/yargy

Tiny package for information extraction

Primary LanguagePythonMIT LicenseMIT

Yargy Build Status Build status Documentation Status

Yargy is a Earley parser, that uses russian morphology for facts extraction process, and written in pure python

Install

Yargy supports both Python 2.7+ / 3.3+ versions including PyPy.

$ pip install yargy

Usage

from yargy import Parser, fact, rule
from yargy.predicates import gram
from yargy.pipelines import MorphPipeline


Person = fact(
    'Person',
    ['position', 'name']
)
Name = fact(
    'Name',
    ['first', 'last']
)


class PositionsPipeline(MorphPipeline):
    grammemes = {'Position'}
    keys = [
        'премьер министр',
        'президент'
    ]


NAME = rule(
    gram('Name').interpretation(
        Name.first.inflected()
    ),
    gram('Surn').interpretation(
        Name.last.inflected()
    )
).interpretation(
    Name
)
PERSON = rule(
    gram('Position').interpretation(
        Person.position.inflected()
    ),
    NAME.interpretation(
        Person.name
    )
).interpretation(
    Person
)


parser = Parser(PERSON, pipelines=[PositionsPipeline()])
text = '''
12 марта по приказу президента Владимира Путина ...
'''
for match in parser.findall(text):
    print(match.fact)

And in output you will see something like this:

Person(position='президент', name=Name(first='владимир', last='путин'))

For more examples, details on grammar syntax, predicates and pipelines see Yargy documentation.

License

Source code of yargy is distributed under MIT license (allows modification and commercial usage)

Changelog

0.9 (dev)

Major update required to support recursive grammar.

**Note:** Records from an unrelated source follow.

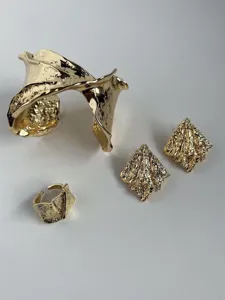 Vista detallada del conjunto de joyas doradas con brazalete, pendientes y anillo.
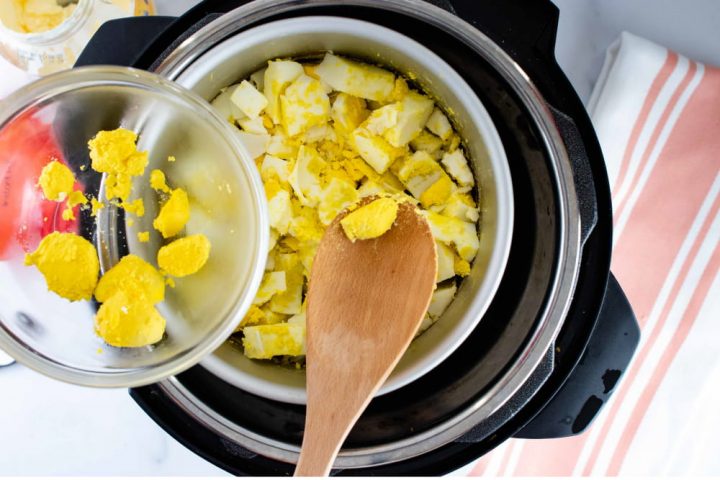 Overhead view of a layer of cooked eggs in an inner pot in an Instant Pot cut into squares with a wooden spoon pulling out some of the cooked yolk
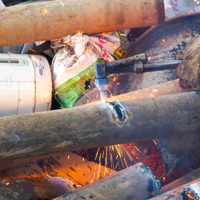 A worker uses a oxygen acetylene cutting torch to cut scrap at twilight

  • Library API changed including grammar DSL and parser API
  • Components updated: tokenizer, pipelines, parser, interpretation

0.6.0

  • Initial object interpretation support
  • Replaced custom tree-like struct used in combinator.resolve_matches method with IntervalTree
  • number_match and case_match labels now have understand same arguments as gnc_match label

0.5.1 - 0.5.3

  • Support match_all_disambiguation_forms argument in gnc_match label
  • New token types - ROMN for roman numbers, like XXI, EMAIL for emails and PHONE for phone numbers
  • New labels - and_ & or_
  • Implemented get_normalized_text function that returns normalized text from parsed tokens

0.5.0

  • Partial morphology disambiguation solving support (gnc_match label now accepts optional boolean argument solve_disambiguation, which when is True, reduces number of token forms in result match)
  • Rewrited labels, now they're function-based
  • Rewrited tokenizer's transform function for better extending
  • Tokenizer now adds different types of grammemes for different types of quotes (e.g. L-QUOTE for « quote)
  • Implemented DAWG-based pipeline, which shows better performance over dictionary-based pipeline

0.4.1 - 0.4.6

  • Reimplemented resolve_matches method in Combinator
  • [fix] Fixed error at parsing float range with comma as delimiter
  • [fix] Additional checks for terminal rule at reduce grammars method
  • [fix] Fixed requirements in setup.py
  • [fix] Tokenizer now correctly understands range values on Python2.x and PyPy platforms
  • [fix] Create new grammars with terminal rule instead of appending it to original one

0.4

  • Replaced shift-reduce parser with GLR parser, because it provides much more performance on multiple grammars (linear time with GLR vs. exponental time with shift-reduce parser).
  • Pipelines support
  • Added support for Python 2.7 & PyPy

0.3

  • Implemented gnc-match, in labels

0.2

  • Implemented gender-match, number-match, case-match labels
  • Replace is-title label with is-capitalized label, due to http://bugs.python.org/issue7008
  • Tokenizer now understands integer and float ranges (actually, two numbers separated by dash)

0.1

  • Initial release